Lines below that hold the word "Kids" must be copied in full.

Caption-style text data

====

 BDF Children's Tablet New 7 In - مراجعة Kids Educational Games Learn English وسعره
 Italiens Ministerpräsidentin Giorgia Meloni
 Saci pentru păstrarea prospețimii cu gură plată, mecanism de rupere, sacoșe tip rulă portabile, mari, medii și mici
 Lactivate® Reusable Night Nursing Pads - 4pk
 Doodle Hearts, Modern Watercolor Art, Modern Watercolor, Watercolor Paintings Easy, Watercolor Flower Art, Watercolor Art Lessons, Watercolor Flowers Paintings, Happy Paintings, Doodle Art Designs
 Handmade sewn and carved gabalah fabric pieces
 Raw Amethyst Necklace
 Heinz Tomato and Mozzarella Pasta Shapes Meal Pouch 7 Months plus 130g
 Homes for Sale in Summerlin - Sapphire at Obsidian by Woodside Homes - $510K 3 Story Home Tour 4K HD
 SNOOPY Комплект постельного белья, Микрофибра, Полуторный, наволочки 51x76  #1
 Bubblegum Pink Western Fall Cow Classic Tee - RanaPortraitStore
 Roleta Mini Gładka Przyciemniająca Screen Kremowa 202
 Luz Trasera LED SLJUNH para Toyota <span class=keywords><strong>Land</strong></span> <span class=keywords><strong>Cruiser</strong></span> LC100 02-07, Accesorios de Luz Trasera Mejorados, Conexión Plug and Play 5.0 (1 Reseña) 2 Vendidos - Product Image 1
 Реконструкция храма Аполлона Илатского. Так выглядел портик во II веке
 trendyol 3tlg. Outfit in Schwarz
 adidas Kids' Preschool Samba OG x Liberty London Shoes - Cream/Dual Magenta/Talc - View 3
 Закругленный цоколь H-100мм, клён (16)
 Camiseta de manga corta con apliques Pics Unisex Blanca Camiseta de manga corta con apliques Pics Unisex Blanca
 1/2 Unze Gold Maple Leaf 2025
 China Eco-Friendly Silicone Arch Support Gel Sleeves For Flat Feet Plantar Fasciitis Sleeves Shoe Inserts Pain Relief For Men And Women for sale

====

## [TASK OUTPUT]
 BDF Children's Tablet New 7 In - مراجعة Kids Educational Games Learn English وسعره
 adidas Kids' Preschool Samba OG x Liberty London Shoes - Cream/Dual Magenta/Talc - View 3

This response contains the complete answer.